(In the previous two articles I have argued that it was war and what followed - economic autarky and then technocracy - which destroyed the original principle of Mallorca's tourism from pre-war times and led to the type of tourism which emerged in the 1960s.)
The technocracy was such that it hasn't ever really gone away. It may be more friendly, it may have a greater appreciation of individuals' needs, of the environment and of markets, but it survives in its current-day form. It is typified by a Balearics tourism minister whose background is as an architect and planner and by a Mallorcan national tourism secretary of state whose specialism is property and its planning. They are representative of the new technocracy, knowledgeable of things but not, one fears, people.

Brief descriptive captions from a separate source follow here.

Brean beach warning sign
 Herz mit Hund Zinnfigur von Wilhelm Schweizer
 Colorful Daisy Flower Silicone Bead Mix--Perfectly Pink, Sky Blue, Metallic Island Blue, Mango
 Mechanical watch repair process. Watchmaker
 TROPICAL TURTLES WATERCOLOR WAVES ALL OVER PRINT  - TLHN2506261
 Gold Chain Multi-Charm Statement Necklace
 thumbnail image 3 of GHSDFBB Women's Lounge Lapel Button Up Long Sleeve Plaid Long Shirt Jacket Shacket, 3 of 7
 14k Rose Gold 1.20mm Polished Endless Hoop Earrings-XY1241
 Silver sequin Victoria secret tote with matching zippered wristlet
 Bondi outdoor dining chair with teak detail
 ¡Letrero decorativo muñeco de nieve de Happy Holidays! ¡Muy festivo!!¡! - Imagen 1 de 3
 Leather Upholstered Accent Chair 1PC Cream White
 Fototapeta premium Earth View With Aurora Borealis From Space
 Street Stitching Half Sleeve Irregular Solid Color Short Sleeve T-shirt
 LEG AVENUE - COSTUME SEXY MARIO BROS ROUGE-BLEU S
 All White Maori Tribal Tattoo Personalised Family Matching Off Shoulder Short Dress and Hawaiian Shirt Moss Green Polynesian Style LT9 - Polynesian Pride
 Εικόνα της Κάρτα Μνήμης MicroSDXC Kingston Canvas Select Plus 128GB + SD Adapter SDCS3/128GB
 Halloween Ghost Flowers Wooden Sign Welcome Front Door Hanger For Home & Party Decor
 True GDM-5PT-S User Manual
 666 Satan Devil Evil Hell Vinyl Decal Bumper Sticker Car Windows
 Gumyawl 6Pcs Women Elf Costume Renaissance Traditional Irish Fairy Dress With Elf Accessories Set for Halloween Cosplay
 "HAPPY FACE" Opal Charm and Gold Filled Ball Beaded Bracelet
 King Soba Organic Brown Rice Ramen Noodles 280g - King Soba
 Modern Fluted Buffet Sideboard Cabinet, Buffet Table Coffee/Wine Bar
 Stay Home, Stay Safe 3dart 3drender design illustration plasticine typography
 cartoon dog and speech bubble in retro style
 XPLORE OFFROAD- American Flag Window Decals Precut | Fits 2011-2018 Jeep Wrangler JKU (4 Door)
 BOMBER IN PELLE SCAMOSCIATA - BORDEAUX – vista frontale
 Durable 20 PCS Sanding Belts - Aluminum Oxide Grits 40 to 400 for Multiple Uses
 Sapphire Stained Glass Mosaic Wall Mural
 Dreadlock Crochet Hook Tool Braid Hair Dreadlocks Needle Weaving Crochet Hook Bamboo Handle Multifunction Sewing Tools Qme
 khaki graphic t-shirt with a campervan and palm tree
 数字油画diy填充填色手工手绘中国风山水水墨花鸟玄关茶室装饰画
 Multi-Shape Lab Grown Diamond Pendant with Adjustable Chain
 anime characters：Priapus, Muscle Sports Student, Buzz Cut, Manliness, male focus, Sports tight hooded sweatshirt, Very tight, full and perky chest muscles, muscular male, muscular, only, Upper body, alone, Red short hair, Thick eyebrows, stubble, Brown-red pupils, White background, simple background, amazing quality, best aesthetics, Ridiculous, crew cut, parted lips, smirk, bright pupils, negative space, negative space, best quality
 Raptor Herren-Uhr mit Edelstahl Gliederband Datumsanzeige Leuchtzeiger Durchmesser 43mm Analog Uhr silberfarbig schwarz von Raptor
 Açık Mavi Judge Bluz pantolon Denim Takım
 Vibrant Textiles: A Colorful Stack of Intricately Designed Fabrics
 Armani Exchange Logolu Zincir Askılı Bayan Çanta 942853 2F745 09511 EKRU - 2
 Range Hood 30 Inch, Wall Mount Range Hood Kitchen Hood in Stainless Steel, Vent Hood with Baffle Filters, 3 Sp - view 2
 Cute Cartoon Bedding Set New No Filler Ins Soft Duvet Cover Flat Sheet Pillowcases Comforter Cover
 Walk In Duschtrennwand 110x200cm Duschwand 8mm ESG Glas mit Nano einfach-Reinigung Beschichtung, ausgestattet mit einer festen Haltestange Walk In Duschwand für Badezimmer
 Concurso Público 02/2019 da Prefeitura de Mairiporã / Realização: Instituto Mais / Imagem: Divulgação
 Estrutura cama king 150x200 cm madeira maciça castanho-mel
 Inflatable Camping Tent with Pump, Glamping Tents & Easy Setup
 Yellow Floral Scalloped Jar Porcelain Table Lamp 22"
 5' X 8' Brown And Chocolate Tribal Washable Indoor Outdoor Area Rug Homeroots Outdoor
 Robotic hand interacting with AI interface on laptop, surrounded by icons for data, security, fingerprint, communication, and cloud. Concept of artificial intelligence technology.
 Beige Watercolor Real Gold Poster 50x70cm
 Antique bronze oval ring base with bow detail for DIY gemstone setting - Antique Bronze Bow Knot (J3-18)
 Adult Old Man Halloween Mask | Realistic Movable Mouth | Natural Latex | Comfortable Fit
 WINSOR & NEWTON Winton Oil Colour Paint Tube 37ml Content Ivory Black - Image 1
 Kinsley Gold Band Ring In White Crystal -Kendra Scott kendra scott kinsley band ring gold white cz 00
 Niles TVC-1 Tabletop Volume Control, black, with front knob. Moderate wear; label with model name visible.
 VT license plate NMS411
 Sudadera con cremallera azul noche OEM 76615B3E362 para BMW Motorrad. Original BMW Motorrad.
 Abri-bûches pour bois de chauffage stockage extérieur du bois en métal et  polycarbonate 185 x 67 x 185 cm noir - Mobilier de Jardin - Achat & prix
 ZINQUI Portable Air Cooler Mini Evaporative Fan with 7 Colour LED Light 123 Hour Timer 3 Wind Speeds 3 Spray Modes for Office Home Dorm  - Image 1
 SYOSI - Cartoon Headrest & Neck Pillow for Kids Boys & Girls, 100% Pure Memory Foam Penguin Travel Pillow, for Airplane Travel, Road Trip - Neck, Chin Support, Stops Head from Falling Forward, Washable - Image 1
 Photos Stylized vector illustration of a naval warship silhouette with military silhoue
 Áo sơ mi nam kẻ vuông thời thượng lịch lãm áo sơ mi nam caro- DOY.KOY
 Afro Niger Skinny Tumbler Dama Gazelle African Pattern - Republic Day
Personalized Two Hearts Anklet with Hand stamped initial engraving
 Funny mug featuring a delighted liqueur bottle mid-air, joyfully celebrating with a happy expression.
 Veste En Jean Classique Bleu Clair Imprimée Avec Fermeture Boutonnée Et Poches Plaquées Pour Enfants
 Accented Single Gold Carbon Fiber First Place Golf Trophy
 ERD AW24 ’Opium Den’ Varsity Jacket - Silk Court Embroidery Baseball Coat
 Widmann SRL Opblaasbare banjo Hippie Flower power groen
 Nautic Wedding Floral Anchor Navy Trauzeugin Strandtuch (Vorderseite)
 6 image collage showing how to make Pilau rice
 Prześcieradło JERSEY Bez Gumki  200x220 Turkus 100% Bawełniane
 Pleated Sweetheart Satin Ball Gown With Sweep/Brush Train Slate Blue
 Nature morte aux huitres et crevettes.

Despite all this, we are seeing signs, I believe, of how uninterrupted organic development might have shaped very different resorts. The current-day technocrats are not blind to the sins of the past, even if they can sin in human terms and in being undemocratic in their biases towards property (hotels versus private accommodation, as an example). They have established a framework for belated, very belated modernisation of mature resorts, those which were the result of Fordist mass tourism. This framework cannot bring back what was lost of the natural patrimony but it can, through a re-conception of resorts, bring back - to an extent - the lost philosophy of the greater harmony of the 1930s garden city resorts. And nowhere is this potentially more evident than in Magalluf.
To take again my thesis about how war shaped later tourism development, Magalluf was a prime example. Had there been more organic development, Magalluf would still have become a resort, but it would not have been as it was to become. In 1959, approval was given for its exploitation, and that exploitation was sudden and disastrous. The environment was just one victim of a model of authoritarian-state diktat combined with virtually non-existent planning regulations and with inadequate, easily swayed, corrupt officialdom. Magalluf was, if you like, the model fascistic tourist resort. It was Fordist mass tourism in extremis. From nothing in the late '50s emerged architectural barbarism. It was the technocrats' wet dream.
Palmanova and Santa Ponsa, though they were both to also fall victim to this barbarism, were, unlike Magalluf, products of pre-war planning. Had they developed organically, they too would have been very different. Santa Ponsa is a better example than Palmanova. You can discern from some of its layout the original garden city principle, and that original principle, similar to Alcúdia, would in all likelihood have spawned a golfing resort of a different style to today. It may be forgotten that there was actually a golf company in Santa Ponsa that pre-dated Alcúdia's 1934 golf course. It was to be decades before that golf vision was realised, and by then it had to vie with the technocratic undermining of the original principle.
Magalluf would in all likelihood have been developed before it was. Like its neighbours there was a similar need for land exploitation, but this exploitation would almost certainly have corresponded with the garden city principles in 1930s' Palmanova and Santa Ponsa. All three resorts would thus have taken on a very different appearance to that which they did in the 1950s and 1960s. The chances are that there would have been a form of mass tourism even with organic development, but the mass would have been smaller and it would have been of an alternative character. It would still have been foreign, but the offer would have been less dominated by foreign culture and concreted vandalism. It would simply have been more "Mallorcan". The transformation of Magalluf, as we are not witnessing because of Meliá's intervention, is, I would argue, along lines that would have emerged had Magalluf been left to develop organically and not been that model fascistic tourist resort. Even aspects of the new look owe something to the 1930s principles: boulevard, green areas, and thus a greater harmony between living space and natural patrimony.
One of the challenges that Mallorca faces is determining what mass should now mean. If it is to be smaller mass, and it may well mean this, then there are inevitable consequences, but this smaller mass would have been the norm had it not been for the mad dash to develop in the 1960s. One can argue that what occurred in the '60s was in fact an aberration. It was not how it was meant to have been and it was not how it would have been, had war not led to the desperate solutions of the technocrats and had the resorts been allowed to develop organically. It has taken fifty years to attempt to right the wrongs of fascistic mass tourism. These attempts should not be criticised. They should be applauded. They are what Mallorca should have been.